Prior to DPA, the adversary has to pre-process the power measurement and divide it into smaller parts for the DPA targeted operations. Figure 7 shows the entire power trace, which is then zoomed into the regions of interest. We empirically find applying a 20 MHz low pass filter on the measured signal to be very useful as it reduces noise and achieves better detection result. We then divide the power traces into pieces of one clock period, which we refer to as *sub-trace*. To synchronize these divided sub-traces, we find the minimum point within each sub-trace and synchronize by fixing that point in the sub-trace to a certain clock index. Moreover, to avoid missing sub-traces, we divided the sub-traces 10% shorter than the actual cycle length and searched for the next minimum point (i.e., the beginning of the next sub-trace) starting there. Note that this does not affect the results since the leakages are at the beginning of the clock cycle where the registers are updated at the rising edge. Figure 7 also shows an example hypotheses table for one sub-key of Frodo. Note that there are 11 possible values for each sub-key of **S** and as many sub-trace as there are modular multiplication, i.e., there are 752 possible tests for each key guess.

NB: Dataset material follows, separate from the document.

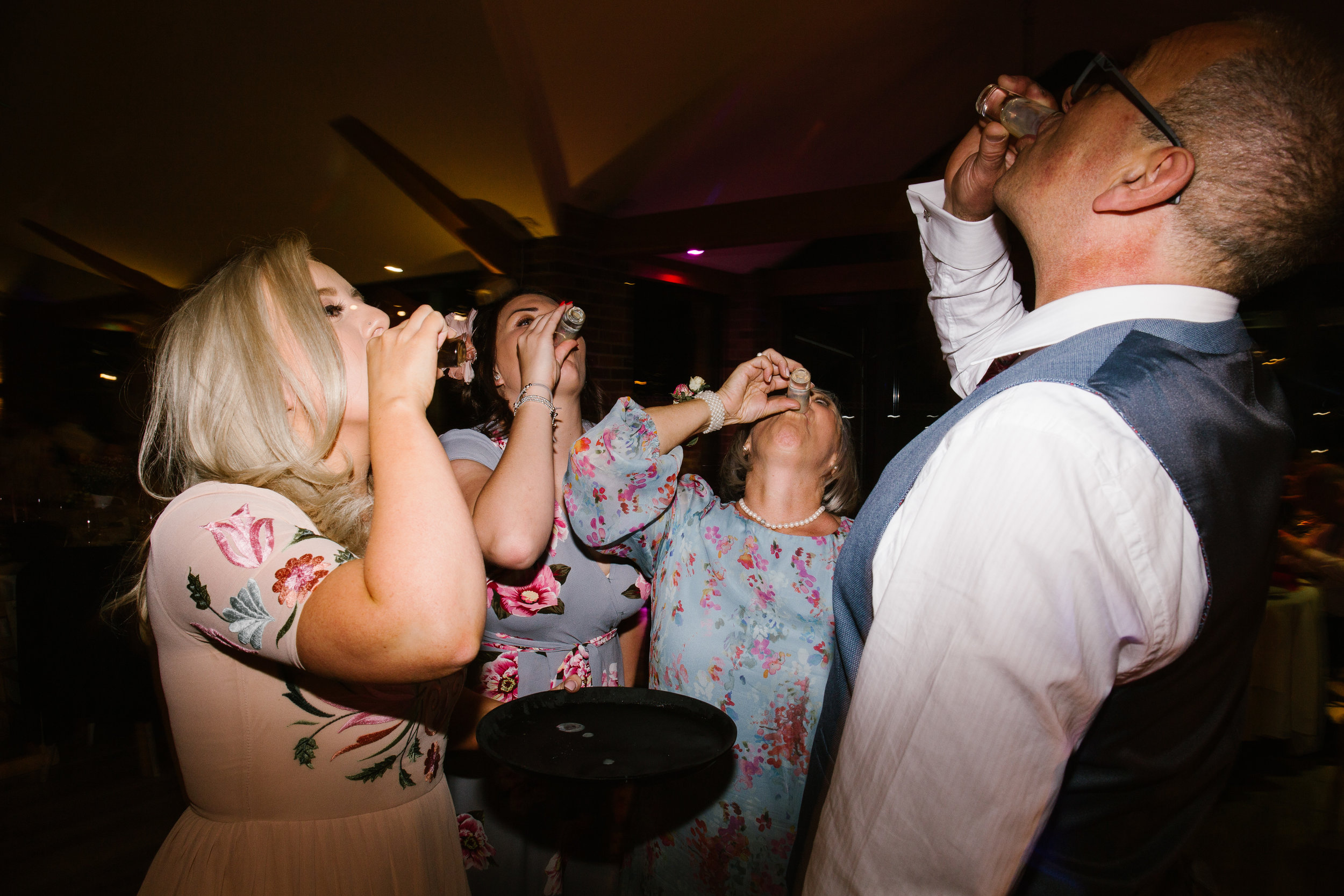 wedding guests and the mother of the bride doing shots on the dance floor at the wedding party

Power models in our analysis use the Hamming distance of the registers and we consider all registers in the datapath. We use the Pearson correlation coefficient based distinguisher for the differential side-channel attack [17]. This test aims at differentiating populations through their covariance, i.e., by checking if deviations from mean occur in a similar fashion. Correlation trace  $r_{i,j}$  for a sub-key guess i is defined as follows:

$$r_{i,j} = \frac{\sum_{d=1}^{D} \left[ \left( h_{d,i} - \overline{h_i} \right) \left( t_{d,j} - \overline{t_j} \right) \right]}{\sqrt{\sum_{d=1}^{D} \left( h_{d,i} - \overline{h_i} \right)^2 \sum_{d=1}^{D} \left( t_{d,j} - \overline{t_j} \right)^2}},$$
(1)

where D is the number of traces each having T data points,  $t_{d,j}$  is a power trace with  $0 < d \le D$  and  $0 < j \le T$ ,  $\overline{t_j}$  is the mean power trace,  $h_{d,i}$  is a power estimate (Hamming distance of the target register) of trace d for the key guess value i, and  $\overline{h_i}$  is the mean power estimate. The result  $r_{i,j}$  returns a correlation trace with values between [-1,1] that estimates the linear relationship between the sub-key guess  $r_i$  and the power measurement for each guess i and time j. This trace depicts the significance and the timing information of the DPA leak.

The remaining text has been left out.